More Profit, Less Gas
For immediate use
July 10th 2012
More Profit, Less Gas
by Sue Edmonds
The recent Government announcement of a deferment for agriculture entering the ETS will not only ease farming pocketbooks, but will also provide more time for research into ways to reduce just how much methane and nitrous oxide our ruminant export earners produce individually.

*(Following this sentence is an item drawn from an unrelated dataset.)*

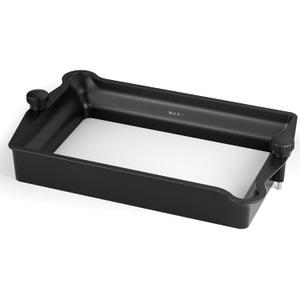 ELEGOO Metal Resin Tank for Saturn 4 & Saturn 4 Ultra 12K Resin 3D Printer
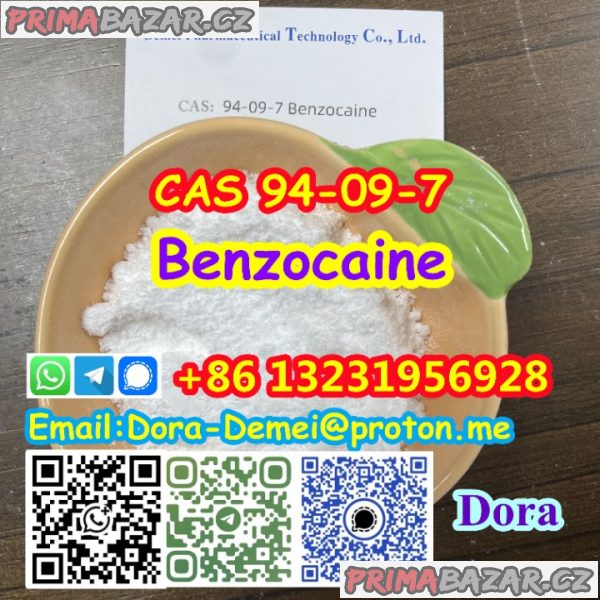 Benzocaine,CAS 94-09-7 Benzocaine,CAS 94-09-7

And while some publicly funded research has been looking at methods to change how the rumen works in the animal, some private research has focused on the pasture that goes in, and not just the gases coming out.
Indigo Ltd, who has produced Agrizest for orchardists since 2005, has turned its focus to pasture, and recently launched Biozest, a patented New Zealand spray for pasture which is already certified as an organic agricultural compound.
So how does Biozest work?
Indigo has taken the learning from a variety of published and peer reviewed scientific papers on what plants can do when stimulated, and what effects this has on what goes on in the animal rumen. Repeated trials on different farm types around the country have confirmed some remarkable results, not only in pasture growth rates, but also by increasing milk and meat production, due to the protein in the pasture eaten being used by the animal, and not just quickly excreted, as generally happens now. Profitability per hectare increased markedly on the trial areas.
Plants contain receptors which react to a variety of stressors (such as cold, salinity and light) and also defend against pathogens and pests. What Biozest does is trigger these receptors, resulting in production of essential oils by the plant. Essential oils not only trigger more pasture plant growth (between 89% and 127% more after 19 days), but also assist the plant to more efficiently make use of the elements in the soil around it.
The plant grows faster, produces higher levels of sugars, with some of the essential oils being flavour compounds, making the pasture more palatable to ruminants. Trials showed animal preference for treated pasture, and higher Brix levels in it. These higher levels of essential oils have resulted in combined benefits of increased milk production (up to 33% for goats), higher levels of protein in milk, enhanced animal weight gain (up to 22% for bulls over 68 days), and a marked reduction of an average 26% in urea production in cow urine.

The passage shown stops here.